In 2023, Shen and the Guangdong Harmony Community Foundation launched the Heqi Campaign, organising workshops on assessing climate risks attended by representatives from 68 charities. Attendees were mostly from community groups and social-work organisations, rather than ones focused on the environment or climate.
The range of their work reflects the diversity of rural climate adaptation in China. Some were working on “fodder banks” – meaning community trading and storage platforms for cattle feed – and community climate monitoring in pastoral areas of Inner Mongolia and Tibet, aiming to help herders avoid financial losses.
Some were researching how to adapt traditional building materials to the modern climate in traditional villages in Anhui and Jiangxi. Others were gathering information on traditional agricultural knowledge and crops in the Linpan rural communities of Sichuan. Yet others were helping apiarists in Lisu villages in Yunnan find new areas to raise bees and develop beehives suitable for low temperatures.
Over the last four years, Shen has seen community and social organisations shift from not seeing any need for training on climate to wanting to include climate-adaptation measures in the applications they make for project funding from larger foundations or government bodies.

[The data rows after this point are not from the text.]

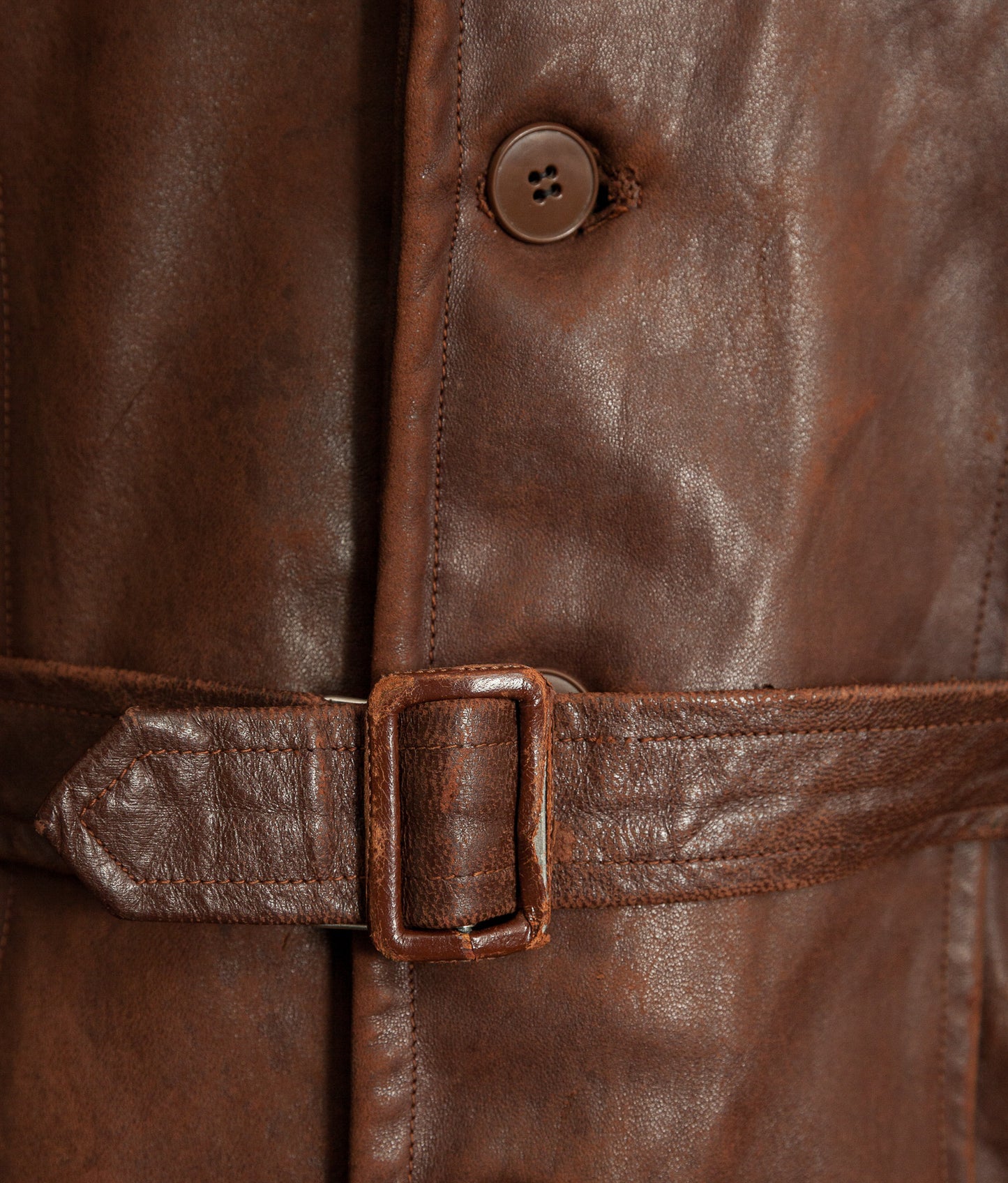 Vintage 1940s Swedish Belted Leather Motoring Coat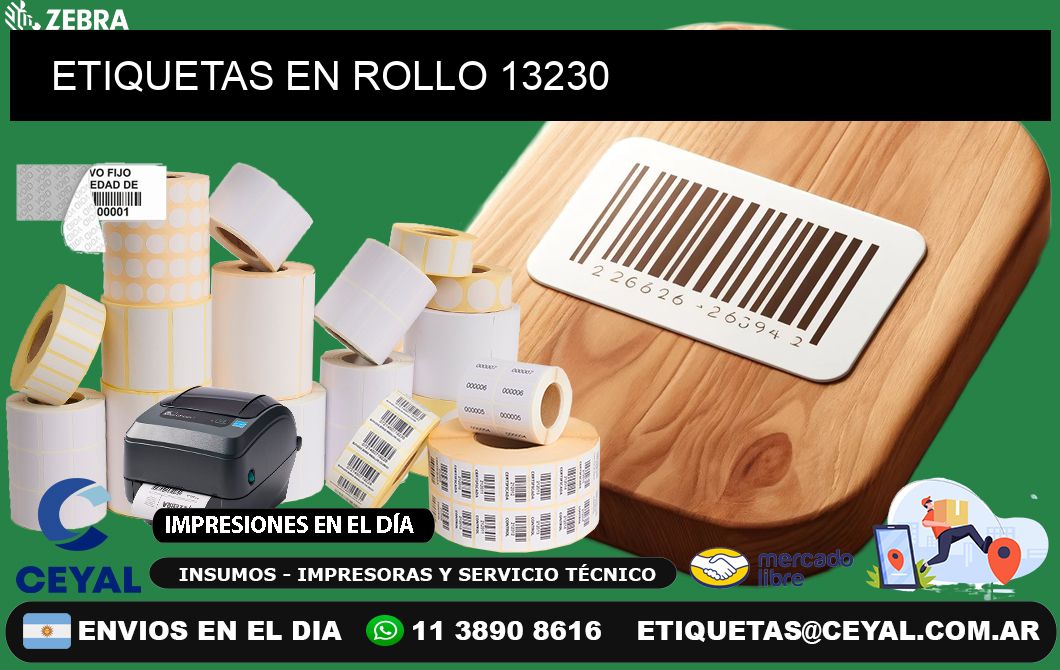 ETIQUETAS EN ROLLO 13230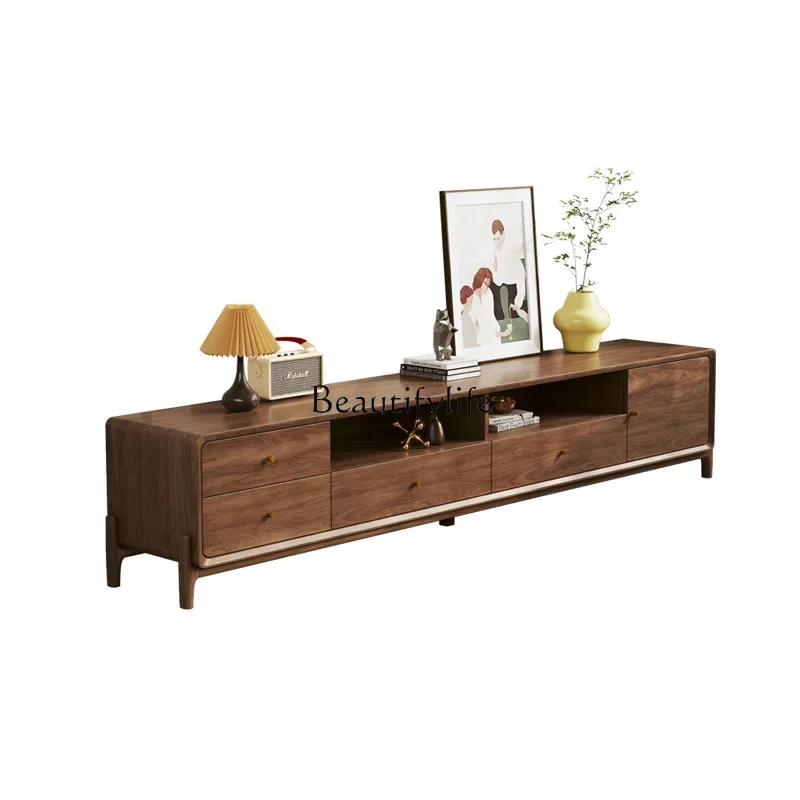 

LD33*North American black walnut TV cabinet solid wood modern Nordic living room small apartment
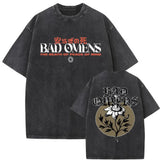 Washed Vintage Bad Omens Print T-shirt Funny Moth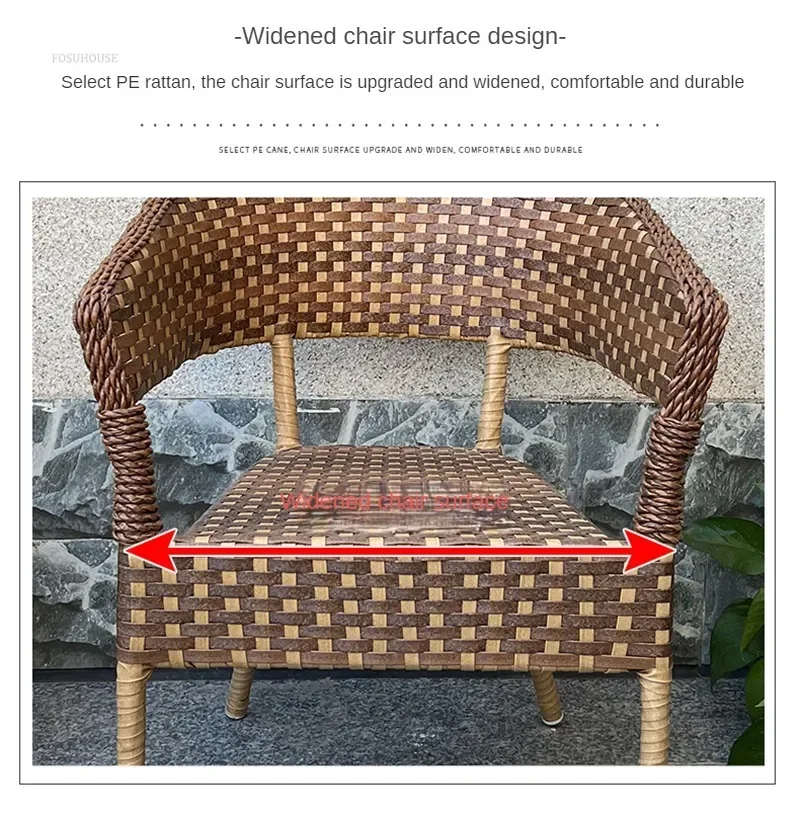 Outdoor Garden Furniture Sets Balcony Tea Table and Chair PE Rattan Chair Three-piece Set Courtyard Leisure Outdoor Furniture B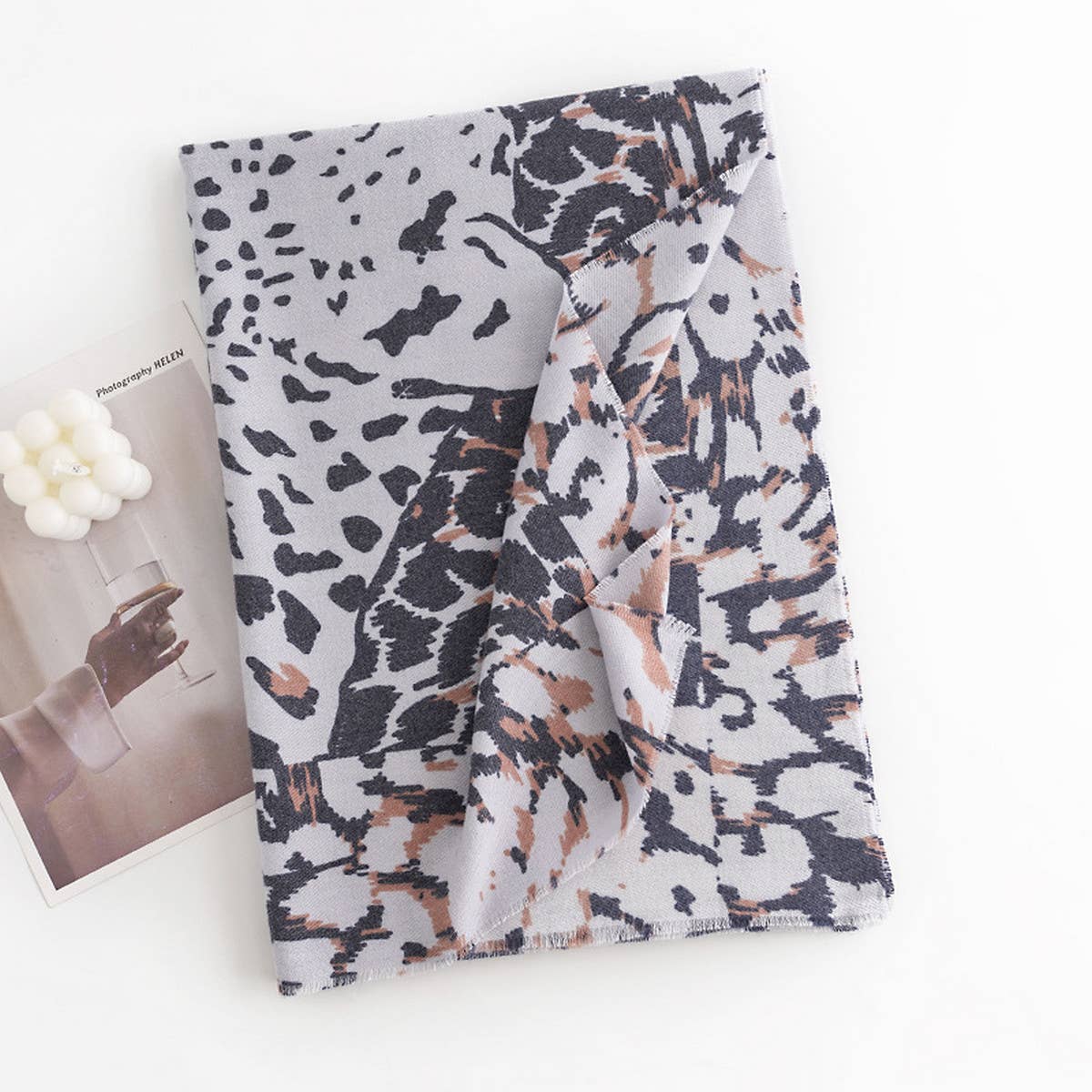 Leopard Print Scarf for Women - Chic Winter Warmth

Many organisations have started working on climate education for communities and even individuals. Alongside its Heqi Campaign, the Guangdong Harmony Community Foundation also has a community climate-adaptation project. The Heyi Institute has a capacity-building programme, and Friends of Nature has since 2021 run its Linglong Project supporting citizen climate actors.
Funds, personnel and international partners
For China’s rural organisations working on climate adaptation, shortages of funds and personnel are a real issue.
An internal survey of 69 social organisations working on climate issues, carried out by the China Association for NGO Cooperation (Cango) and seen by Dialogue Earth, found half had annual incomes of less than CNY 500,000 (US$69,645). This greatly limits the number and type of staff they can hire. Another survey carried out by the Alashan SEE Foundation reached a similar conclusion – of 81 organisations looked at, half had annual incomes of CNY 500,000 or less and between one and five employees.
This describes both Zhaotong Yongqing and Shengeng. The former has three staff, while the latter has nine – all of whom need to support hundreds of people across several villages.
Wang Xiangyi, secretary-general of Cango, which helps Chinese organisations attend the annual UN climate conference, thinks international funding channels could be the answer. She gives the example of the Green Climate Fund (GCF) established at the Cancun climate conference in 2010.
But accessing GCF funds is not straightforward. An organisation needs to undergo a GCF certification process and receive central government backing, plus projects need to involve some degree of international funding. The small-scale nature of most such NGOs’ operations makes these processes challenging. She explained that Cango is proposing to simplify the application process to resolve funding issues for more groups.
“The GCF is both a funding channel and a way of carrying out international capacity building,” she said. Although many Chinese groups are working on climate issues and have achieved real results in their fields, those outcomes are rarely recognised overseas. Improving staffing levels and capacities, and making their achievements known more widely and on a global scale should be the next priority for Chinese organisations working in climate adaptation, she added.